Nothing but the records themselves, exactly as written and free of pictures, should appear in your response.

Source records
______
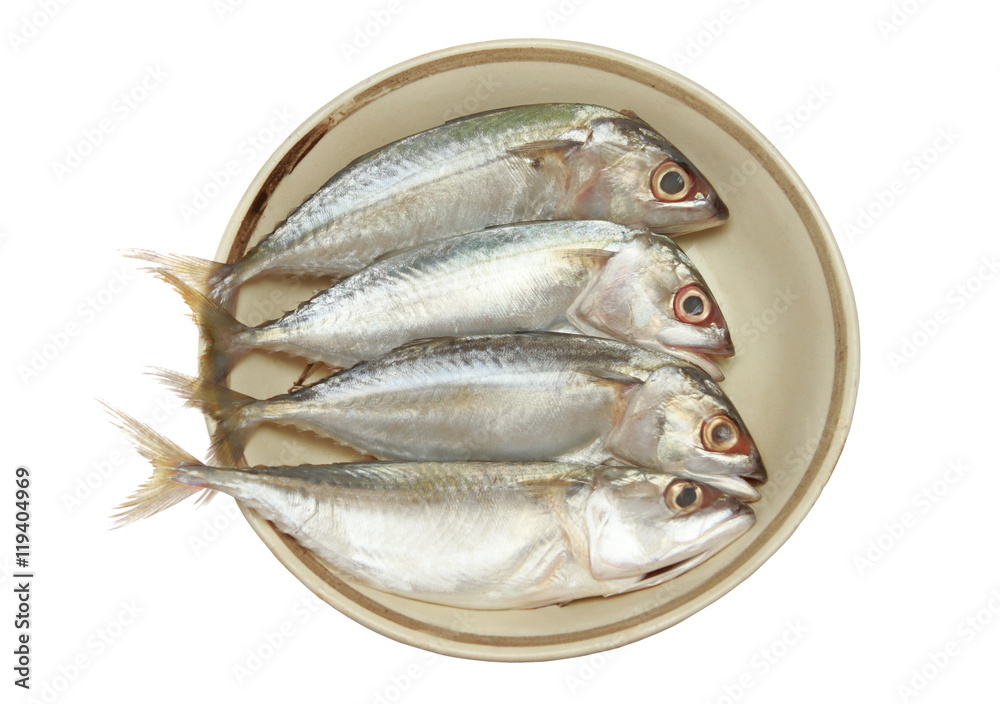 Short-bodied mackerel, Indo-Pacific mackerel (Rastrelliger brachysoma) on dish isolate on white background Short-bodied mackerel, Indo-Pacific mackerel (Rastrelliger brachysoma) on dish isolate on white background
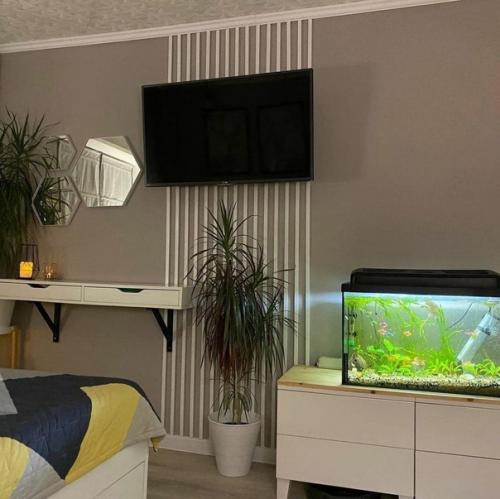 Обожаю, когда в интерьер добавляют акценты. 02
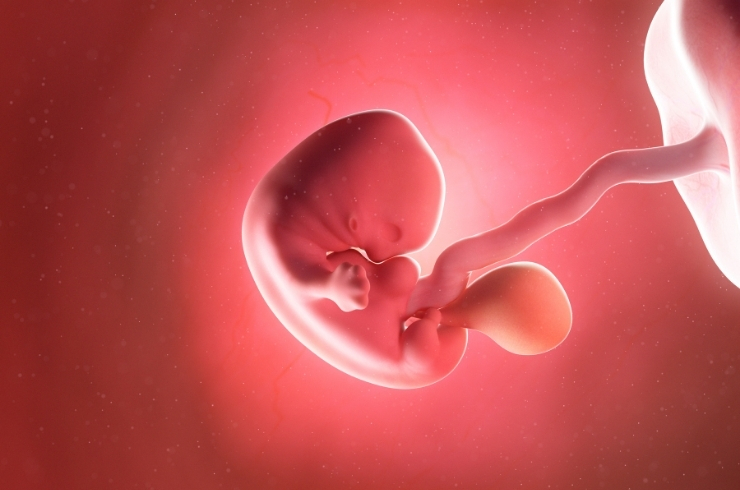 SHE’s Gyneac & Obstetric Clinic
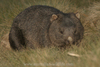 a Wombat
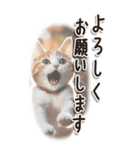 敬語でご挨拶 ねこ編(BIG)（個別スタンプ：15）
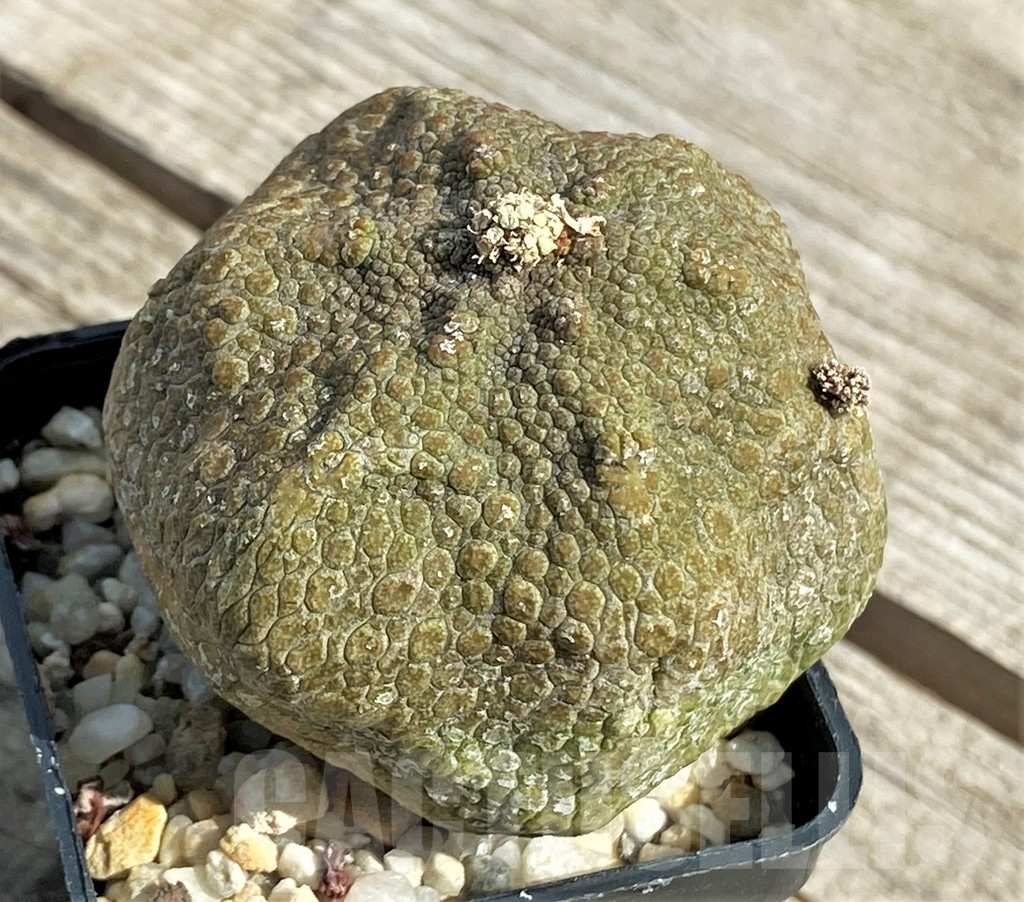 SHPR13394 Pseudolithos migiurtinus - Obrázek 2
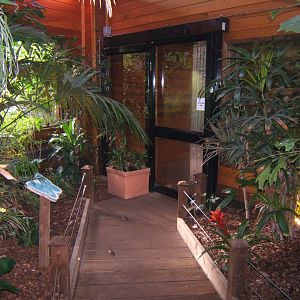 View inside the Butterfly House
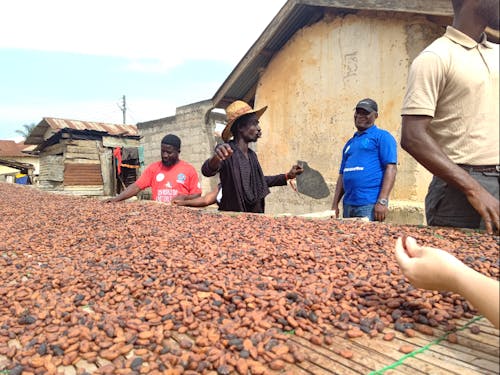 カカオ豆の天日干し 収量は減っている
______
▶ [SOLUTION TO THIS EXERCISE]
 Short-bodied mackerel, Indo-Pacific mackerel (Rastrelliger brachysoma) on dish isolate on white background Short-bodied mackerel, Indo-Pacific mackerel (Rastrelliger brachysoma) on dish isolate on white background
 Обожаю, когда в интерьер добавляют акценты. 02
 SHE’s Gyneac & Obstetric Clinic
 a Wombat
 敬語でご挨拶 ねこ編(BIG)（個別スタンプ：15）
 SHPR13394 Pseudolithos migiurtinus - Obrázek 2
 View inside the Butterfly House
 カカオ豆の天日干し 収量は減っている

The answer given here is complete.